Among the entries below, find every line that contains the string "Light", then copy it.

──────── Input data

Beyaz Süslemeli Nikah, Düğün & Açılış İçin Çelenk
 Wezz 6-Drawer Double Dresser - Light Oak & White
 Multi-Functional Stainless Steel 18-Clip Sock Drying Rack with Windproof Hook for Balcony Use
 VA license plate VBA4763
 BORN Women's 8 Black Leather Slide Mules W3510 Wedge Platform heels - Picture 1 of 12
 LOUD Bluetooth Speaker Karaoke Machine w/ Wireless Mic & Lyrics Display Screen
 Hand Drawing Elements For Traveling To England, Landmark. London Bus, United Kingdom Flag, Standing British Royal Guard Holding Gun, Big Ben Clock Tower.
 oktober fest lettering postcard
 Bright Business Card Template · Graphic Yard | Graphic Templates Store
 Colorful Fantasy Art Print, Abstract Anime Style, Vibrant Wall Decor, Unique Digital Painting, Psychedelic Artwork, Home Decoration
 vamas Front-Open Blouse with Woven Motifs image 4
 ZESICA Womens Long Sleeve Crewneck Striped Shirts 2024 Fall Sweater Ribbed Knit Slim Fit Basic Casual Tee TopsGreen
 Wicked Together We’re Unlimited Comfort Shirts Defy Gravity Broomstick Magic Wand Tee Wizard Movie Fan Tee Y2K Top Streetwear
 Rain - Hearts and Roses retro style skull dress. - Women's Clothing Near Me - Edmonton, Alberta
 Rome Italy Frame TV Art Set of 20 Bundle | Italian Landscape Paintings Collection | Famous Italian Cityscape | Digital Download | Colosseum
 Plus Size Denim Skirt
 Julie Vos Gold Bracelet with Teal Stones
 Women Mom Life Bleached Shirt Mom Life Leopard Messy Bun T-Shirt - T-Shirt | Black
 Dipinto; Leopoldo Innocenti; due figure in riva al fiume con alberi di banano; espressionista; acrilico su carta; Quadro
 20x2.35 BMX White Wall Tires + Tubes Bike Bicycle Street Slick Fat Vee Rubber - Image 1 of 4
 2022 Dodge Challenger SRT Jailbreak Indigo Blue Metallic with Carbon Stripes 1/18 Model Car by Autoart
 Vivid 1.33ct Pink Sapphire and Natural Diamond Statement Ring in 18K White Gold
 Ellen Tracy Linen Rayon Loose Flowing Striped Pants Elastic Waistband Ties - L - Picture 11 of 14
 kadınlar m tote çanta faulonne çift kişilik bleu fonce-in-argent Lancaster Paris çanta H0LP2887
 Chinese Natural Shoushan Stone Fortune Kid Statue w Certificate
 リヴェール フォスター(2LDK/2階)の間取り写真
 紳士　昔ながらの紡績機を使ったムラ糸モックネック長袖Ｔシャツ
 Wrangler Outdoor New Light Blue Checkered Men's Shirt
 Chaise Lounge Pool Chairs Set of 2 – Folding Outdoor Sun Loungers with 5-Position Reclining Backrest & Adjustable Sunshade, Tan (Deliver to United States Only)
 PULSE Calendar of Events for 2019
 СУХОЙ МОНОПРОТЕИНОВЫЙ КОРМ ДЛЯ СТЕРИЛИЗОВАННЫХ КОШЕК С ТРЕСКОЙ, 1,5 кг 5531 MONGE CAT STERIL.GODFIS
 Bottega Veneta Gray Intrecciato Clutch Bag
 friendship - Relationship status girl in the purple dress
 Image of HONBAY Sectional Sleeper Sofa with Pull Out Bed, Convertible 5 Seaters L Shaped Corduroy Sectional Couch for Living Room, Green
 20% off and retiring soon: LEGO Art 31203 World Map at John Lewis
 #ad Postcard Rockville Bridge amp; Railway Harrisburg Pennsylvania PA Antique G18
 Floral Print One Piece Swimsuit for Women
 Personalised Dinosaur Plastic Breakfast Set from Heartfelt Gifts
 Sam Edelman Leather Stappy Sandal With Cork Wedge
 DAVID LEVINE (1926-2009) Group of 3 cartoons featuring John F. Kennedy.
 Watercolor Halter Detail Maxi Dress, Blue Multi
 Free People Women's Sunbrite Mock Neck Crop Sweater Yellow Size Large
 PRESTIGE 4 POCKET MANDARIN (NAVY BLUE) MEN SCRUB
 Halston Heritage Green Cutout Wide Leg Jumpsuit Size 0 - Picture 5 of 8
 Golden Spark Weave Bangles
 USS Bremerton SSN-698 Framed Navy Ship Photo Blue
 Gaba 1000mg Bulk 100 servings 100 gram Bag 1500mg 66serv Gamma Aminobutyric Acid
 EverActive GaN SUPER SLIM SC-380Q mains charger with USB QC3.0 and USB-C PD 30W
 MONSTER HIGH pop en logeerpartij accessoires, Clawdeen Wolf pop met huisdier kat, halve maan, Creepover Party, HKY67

────────────────

Exercise answer:
 Wezz 6-Drawer Double Dresser - Light Oak & White
 Wrangler Outdoor New Light Blue Checkered Men's Shirt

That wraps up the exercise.